Posted by VICE News, March 3, 2014.
While “western” political success and related productivity and affluence provide for western humanism and other aspects of idealism, “eastern” barbarism and suffering have left behind a world in which fear and insecurity appear to threaten those who should be in the most confident and secure of internal psychological states. Leadership in tribal cultures and states tend toward a winner-take-all — and loser-lose-all — position in their politics, and it may be that we mistake for a better politics and ennoble with the term “realpolitik”.
Our world pays a high price in general suffering — suffering associated horrors beyond imagining — for the emotional care and feeding of its “malignant narcissists” — its most damaged bad boys, the same that make themselves known as political and war criminals.
So:
Bashar al-Assad: war criminal?
Vladimir Putin: war criminal?
Ali Khamenei: political criminal?
As a class, dictators “exceed limits” — just as Muhammad warned 🙂 — and in doing so free themselves from other normative restraints while at the same time condemning themselves to remaining in political power at any cost (always to others).
In effect, the worlds of despots become worlds of political absolutes, and if for no other reason than the near impossibility of the retreat of their authors.
If over the past five years you had been a Syrian noncombatant, would you wish to see Bashar al-Assad a) remain in power, b) exiled, or c) hung in public?
If you had been swept off the streets of Tehran and dumped in Evin Prison (say for wearing that hijab a little to far to the back — or for being Baha’i or gay or western in outlook) , or if you had had family murdered by the Iranian regime, would you care to see Ali Khamenei’s term in power a) modified, b) truncated, c) “terminated with extreme prejudice”?
Has Putin a graceful retreat today — Syria was al-Assad’s war and armies, flyers especially, make mistakes; and Ukrainian autonomy was Khrushchev’s mistake, which was made with the confidence that Kiev would remain forever bent to Moscow?
Putin may have that.
And Trump may be wise to see that Putin, the Russian State, and the Russian People (of Russia proper) have that “out” — but to horse trade Ukraine, the European Union, the United Nations, the North Atlantic Treaty Organization?
“Nyet” to all that!
(Liberal politics have come to mire judgment, unfortunately. Biography.com maintains a page titled “Political Criminals” but begs credulity by placing side-by-side J. Edgar Hoover and Richard Nixon, both of whom may have exceeded some boundaries in power, with Adolph Hitler, Joseph Stalin, Benito Mussolini, Fidel Castro, and Idi Amin all of whom plainly represent the most reckless of minds and murderous of despots).

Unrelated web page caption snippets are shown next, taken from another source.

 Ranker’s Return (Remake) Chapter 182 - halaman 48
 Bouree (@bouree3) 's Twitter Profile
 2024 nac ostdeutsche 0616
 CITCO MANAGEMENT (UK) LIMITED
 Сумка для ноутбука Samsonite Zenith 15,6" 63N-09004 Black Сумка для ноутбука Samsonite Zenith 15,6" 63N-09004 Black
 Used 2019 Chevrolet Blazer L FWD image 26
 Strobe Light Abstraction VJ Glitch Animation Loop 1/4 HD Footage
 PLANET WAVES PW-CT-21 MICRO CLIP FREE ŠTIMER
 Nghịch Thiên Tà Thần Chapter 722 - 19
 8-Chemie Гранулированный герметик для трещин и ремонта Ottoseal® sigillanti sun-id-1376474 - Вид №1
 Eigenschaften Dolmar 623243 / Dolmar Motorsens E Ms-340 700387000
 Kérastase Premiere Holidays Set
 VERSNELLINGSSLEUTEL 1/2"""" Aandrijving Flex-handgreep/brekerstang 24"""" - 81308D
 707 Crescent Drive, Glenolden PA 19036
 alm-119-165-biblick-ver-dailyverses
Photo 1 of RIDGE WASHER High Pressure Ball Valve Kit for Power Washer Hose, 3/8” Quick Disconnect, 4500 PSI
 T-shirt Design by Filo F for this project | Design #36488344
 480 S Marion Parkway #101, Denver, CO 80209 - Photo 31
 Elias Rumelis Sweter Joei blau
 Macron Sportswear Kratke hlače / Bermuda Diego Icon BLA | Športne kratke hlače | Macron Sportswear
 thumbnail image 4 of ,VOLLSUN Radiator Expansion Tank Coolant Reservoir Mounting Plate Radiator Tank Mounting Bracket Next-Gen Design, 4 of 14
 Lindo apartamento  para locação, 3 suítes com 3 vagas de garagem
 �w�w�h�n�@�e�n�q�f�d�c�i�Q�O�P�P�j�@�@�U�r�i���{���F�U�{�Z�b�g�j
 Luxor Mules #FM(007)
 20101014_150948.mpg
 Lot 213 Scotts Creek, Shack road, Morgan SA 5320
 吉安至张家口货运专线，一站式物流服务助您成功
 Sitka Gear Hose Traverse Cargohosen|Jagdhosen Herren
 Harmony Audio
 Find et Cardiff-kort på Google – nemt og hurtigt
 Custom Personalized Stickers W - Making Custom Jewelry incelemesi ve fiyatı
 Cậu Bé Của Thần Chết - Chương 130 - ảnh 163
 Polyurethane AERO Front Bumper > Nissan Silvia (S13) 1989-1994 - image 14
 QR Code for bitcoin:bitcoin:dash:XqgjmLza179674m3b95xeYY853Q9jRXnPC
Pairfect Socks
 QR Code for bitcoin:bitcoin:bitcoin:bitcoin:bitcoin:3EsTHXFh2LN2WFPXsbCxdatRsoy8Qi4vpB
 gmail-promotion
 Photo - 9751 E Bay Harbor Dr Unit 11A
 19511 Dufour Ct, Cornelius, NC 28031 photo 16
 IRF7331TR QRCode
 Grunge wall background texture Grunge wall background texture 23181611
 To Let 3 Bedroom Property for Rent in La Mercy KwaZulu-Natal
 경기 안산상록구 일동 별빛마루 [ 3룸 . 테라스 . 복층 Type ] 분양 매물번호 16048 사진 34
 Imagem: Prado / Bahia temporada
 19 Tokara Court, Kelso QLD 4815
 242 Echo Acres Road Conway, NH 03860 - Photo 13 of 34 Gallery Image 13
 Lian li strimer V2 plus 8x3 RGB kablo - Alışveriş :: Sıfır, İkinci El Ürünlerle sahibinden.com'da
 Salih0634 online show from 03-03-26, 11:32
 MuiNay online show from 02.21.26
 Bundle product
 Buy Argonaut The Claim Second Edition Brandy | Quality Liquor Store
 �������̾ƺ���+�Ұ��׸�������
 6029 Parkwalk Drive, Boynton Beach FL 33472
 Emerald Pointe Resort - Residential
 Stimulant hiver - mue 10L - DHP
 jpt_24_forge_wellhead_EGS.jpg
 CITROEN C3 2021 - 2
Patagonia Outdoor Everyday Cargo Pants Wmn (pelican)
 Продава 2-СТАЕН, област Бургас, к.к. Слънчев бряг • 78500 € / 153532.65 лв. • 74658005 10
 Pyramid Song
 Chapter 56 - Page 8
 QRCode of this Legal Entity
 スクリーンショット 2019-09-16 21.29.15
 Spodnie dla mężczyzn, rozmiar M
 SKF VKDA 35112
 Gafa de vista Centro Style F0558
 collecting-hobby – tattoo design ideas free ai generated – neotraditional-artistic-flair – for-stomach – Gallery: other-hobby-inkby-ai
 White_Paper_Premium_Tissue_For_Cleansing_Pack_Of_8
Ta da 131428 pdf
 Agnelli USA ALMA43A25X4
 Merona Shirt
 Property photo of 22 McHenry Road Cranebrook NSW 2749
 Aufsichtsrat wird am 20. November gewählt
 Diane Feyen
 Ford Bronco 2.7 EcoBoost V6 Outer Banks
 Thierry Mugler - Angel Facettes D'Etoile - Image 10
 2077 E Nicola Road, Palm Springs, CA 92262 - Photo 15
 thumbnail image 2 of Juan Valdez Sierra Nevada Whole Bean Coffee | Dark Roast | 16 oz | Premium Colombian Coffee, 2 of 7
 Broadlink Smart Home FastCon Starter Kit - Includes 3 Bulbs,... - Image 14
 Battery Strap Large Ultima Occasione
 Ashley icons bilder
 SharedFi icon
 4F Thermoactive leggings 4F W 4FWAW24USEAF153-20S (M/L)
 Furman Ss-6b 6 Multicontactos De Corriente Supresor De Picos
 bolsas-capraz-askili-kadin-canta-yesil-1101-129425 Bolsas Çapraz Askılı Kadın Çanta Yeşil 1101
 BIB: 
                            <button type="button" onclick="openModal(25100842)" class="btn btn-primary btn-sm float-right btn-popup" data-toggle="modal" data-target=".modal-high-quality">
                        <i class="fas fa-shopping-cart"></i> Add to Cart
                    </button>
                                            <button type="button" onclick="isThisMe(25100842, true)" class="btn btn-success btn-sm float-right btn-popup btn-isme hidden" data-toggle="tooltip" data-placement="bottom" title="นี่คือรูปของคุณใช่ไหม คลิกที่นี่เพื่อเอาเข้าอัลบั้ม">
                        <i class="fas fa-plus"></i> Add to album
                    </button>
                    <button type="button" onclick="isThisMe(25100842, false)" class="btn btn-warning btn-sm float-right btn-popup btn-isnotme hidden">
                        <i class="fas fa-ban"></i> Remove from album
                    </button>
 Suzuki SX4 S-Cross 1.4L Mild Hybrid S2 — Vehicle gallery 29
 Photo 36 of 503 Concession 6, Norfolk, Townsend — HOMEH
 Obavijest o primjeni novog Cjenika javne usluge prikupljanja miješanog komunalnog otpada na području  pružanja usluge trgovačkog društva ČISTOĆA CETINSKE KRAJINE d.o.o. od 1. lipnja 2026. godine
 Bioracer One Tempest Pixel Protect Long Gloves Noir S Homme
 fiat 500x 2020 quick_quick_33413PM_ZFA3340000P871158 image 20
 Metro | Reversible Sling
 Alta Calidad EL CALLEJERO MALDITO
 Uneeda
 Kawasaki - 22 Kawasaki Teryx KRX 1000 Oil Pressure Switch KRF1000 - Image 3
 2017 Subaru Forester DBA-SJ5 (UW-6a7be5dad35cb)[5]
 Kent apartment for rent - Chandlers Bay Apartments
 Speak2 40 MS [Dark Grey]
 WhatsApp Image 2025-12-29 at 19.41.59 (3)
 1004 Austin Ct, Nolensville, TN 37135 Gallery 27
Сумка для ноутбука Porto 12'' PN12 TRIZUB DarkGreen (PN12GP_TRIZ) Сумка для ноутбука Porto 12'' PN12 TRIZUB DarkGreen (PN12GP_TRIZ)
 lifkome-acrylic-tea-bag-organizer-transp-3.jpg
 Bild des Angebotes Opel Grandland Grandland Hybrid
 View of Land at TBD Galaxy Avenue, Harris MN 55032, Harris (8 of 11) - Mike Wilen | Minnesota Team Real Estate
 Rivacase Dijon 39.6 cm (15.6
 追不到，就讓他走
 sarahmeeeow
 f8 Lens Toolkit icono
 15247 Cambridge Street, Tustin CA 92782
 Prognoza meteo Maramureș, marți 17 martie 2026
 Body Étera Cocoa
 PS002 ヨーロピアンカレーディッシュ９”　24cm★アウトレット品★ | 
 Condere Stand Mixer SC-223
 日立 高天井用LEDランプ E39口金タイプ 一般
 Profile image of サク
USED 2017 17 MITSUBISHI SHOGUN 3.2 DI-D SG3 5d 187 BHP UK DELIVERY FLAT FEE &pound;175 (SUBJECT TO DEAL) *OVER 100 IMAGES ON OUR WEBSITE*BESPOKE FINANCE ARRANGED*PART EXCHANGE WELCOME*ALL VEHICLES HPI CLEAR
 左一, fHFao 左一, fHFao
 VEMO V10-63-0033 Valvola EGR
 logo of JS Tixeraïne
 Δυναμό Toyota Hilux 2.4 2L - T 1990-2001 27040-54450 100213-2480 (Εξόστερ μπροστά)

Historian John Bew suggests that much of what stands for modern realpolitik today deviates from the original meaning of the term. Realpolitik emerged in mid-19th century Europe from the collision of the enlightenment with state formation and power politics. The concept, Bew argues, was an early attempt at answering the conundrum of how to achieve liberal enlightened goals in a world that does not follow liberal enlightened rules.
If, as the poet says, America is not the world, then the world is surely owed an apology for the lack of attention paid to what ought to have been, and are, a series of alarming developments throughout Europe and the Middle East. Perhaps appropriately, all have involved or implicated a revanchist authoritarian power for which the incoming commander in chief has repeatedly professed his admiration and which, after having done all it could to facilitate an upset American electoral outcome—“maybe we helped a bit with WikiLeaks,” as pro-Kremlin political analyst Sergei Markov put it Wednesday morning—offers its hearty congratulations on his victory. Meanwhile, Russia’s alleged “wet work” and maneuvering outside the United States in the last two weeks has been even more impressive.